(Stored items from a collection)
+ + +
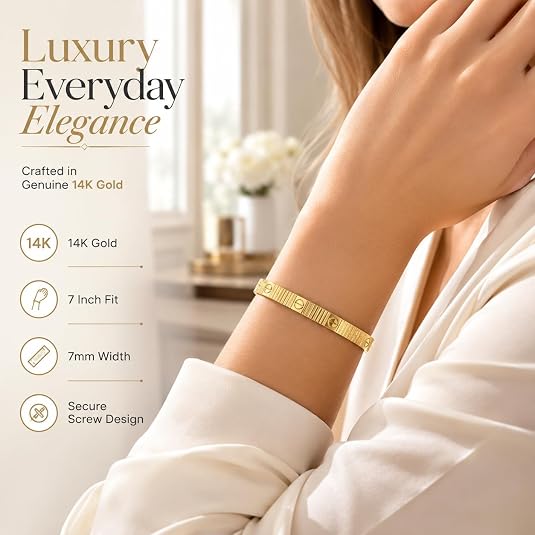 14K Solid Yellow Gold Love Screw Bracelet – 7mm, (7 & 7.5 Inch)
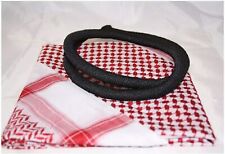 Red/White w/Agal Palestinian Arab Muslim Islam Prayer Shawl Arafat Head Scarf 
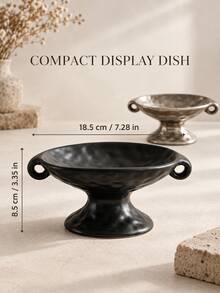 Cirelle 1Pc Ins High-End Ceramic Storage Tray, Double-Ear Hammered Pattern Tall-Footed Design Aromatherapy And Jewelry Dish, Bathroom Soap Holder, Light Luxury Desktop Decorative Ornament, Bedroom Dressing Table Storage Essential - multicolor - View 13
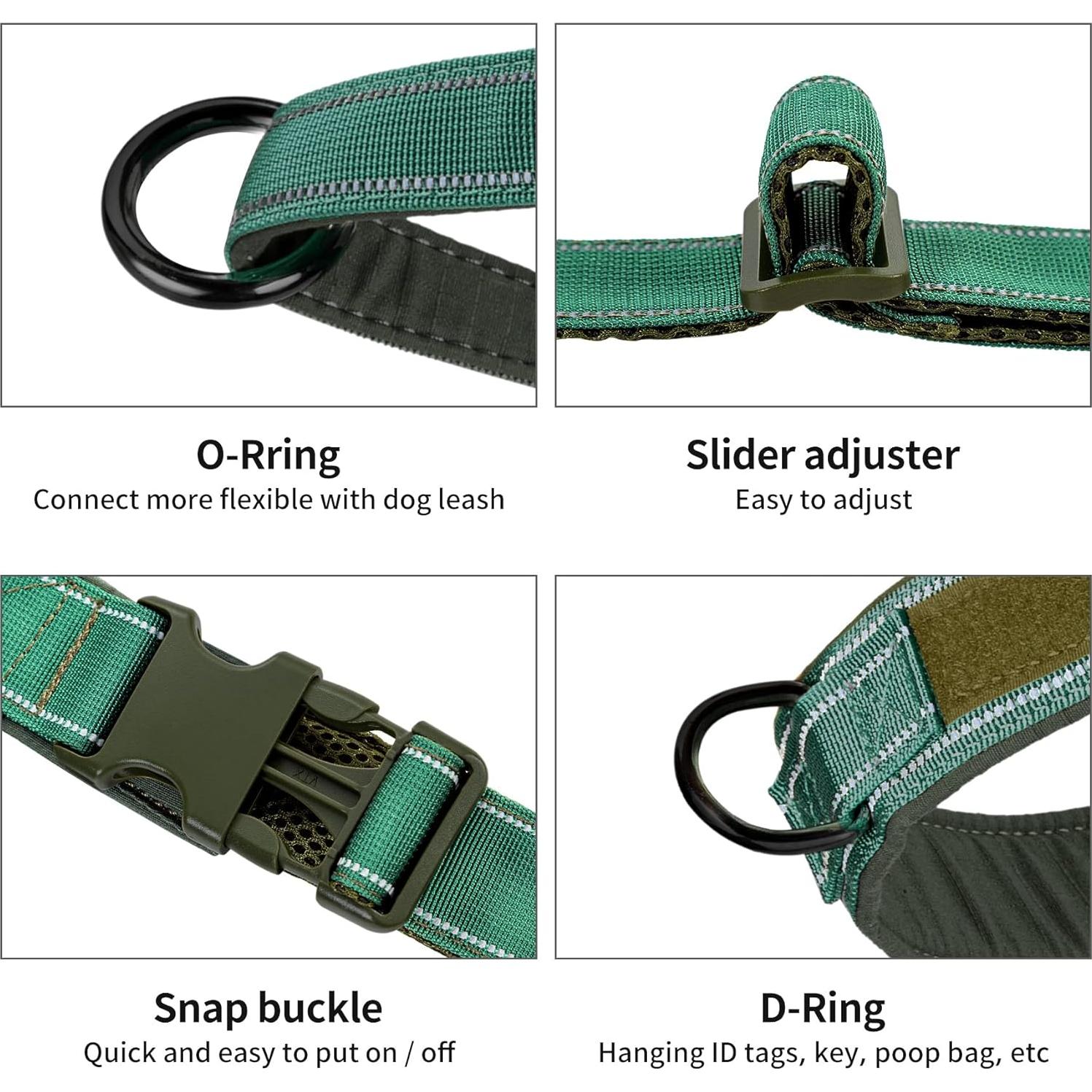 Arnés para Perros Annchwool Sin Tirones Verde L Acolchado Reflectante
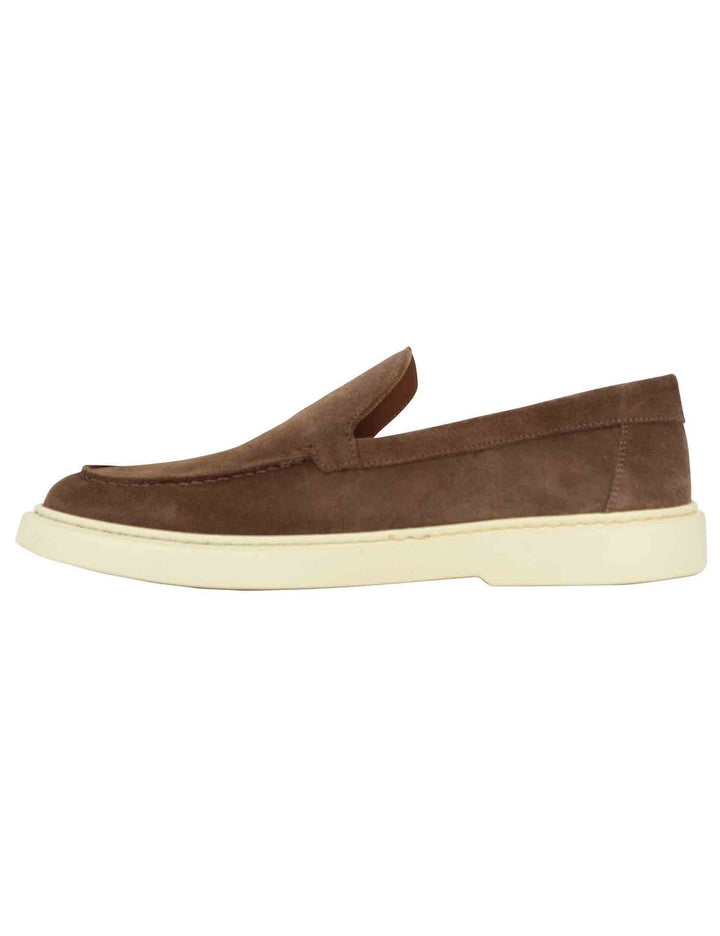 Spatarella Mocassini uomo in camoscio cuoio con suola in gomma vintage Offerta temporanea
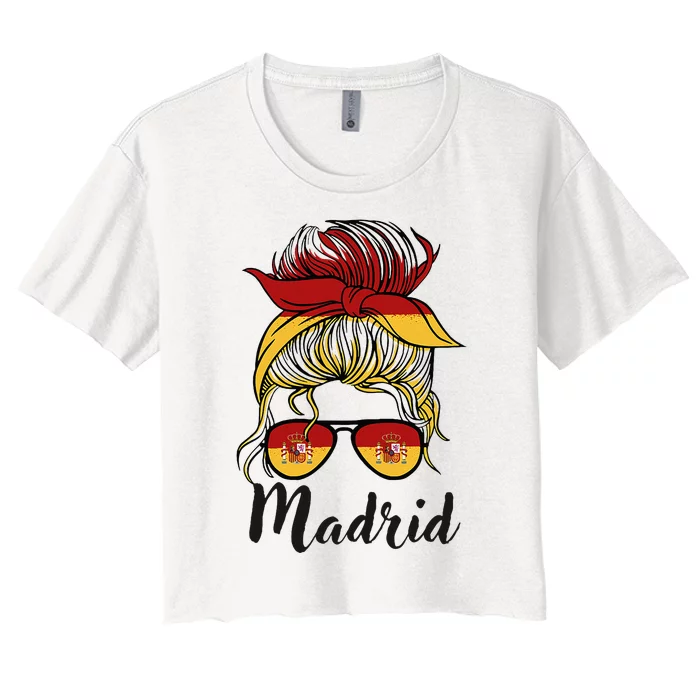 Madrid Girl Spanish Flag Spain Women's Crop Top Tee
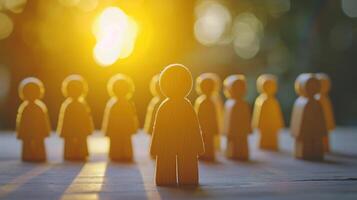 AI generated Success in Business or Talent Concept. Stand Out from the Crowd. Different and Individual Unique Person. Spotlight Shining to the Golden. presenting by wooden peg dolls photo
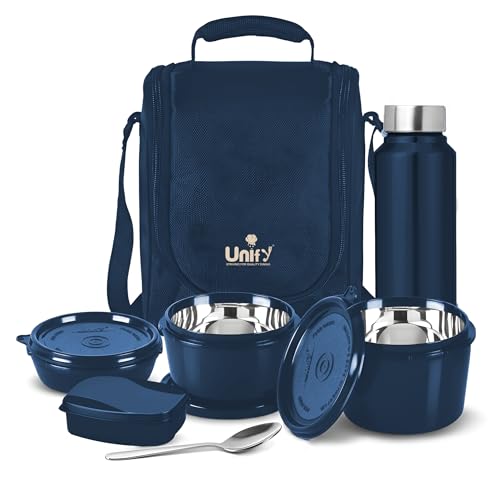 Image of Unify MealMate Lunch Box with 3 Microwave Safe Inner Steel Containers (500ml, 350ml, 200ml), 130ml Plastic Chutney Dabba, Water Bottle 750ml & Spoon | Office Tiffin with Insulated Bag, Blue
+ + +
Work instructions> Once the line with "Cirelle 1Pc Ins" is found above, transcribe each line from it through the line with "Arnés para Perros", exactly, and omit the pictures.

Task answer>
 Cirelle 1Pc Ins High-End Ceramic Storage Tray, Double-Ear Hammered Pattern Tall-Footed Design Aromatherapy And Jewelry Dish, Bathroom Soap Holder, Light Luxury Desktop Decorative Ornament, Bedroom Dressing Table Storage Essential - multicolor - View 13
 Arnés para Perros Annchwool Sin Tirones Verde L Acolchado Reflectante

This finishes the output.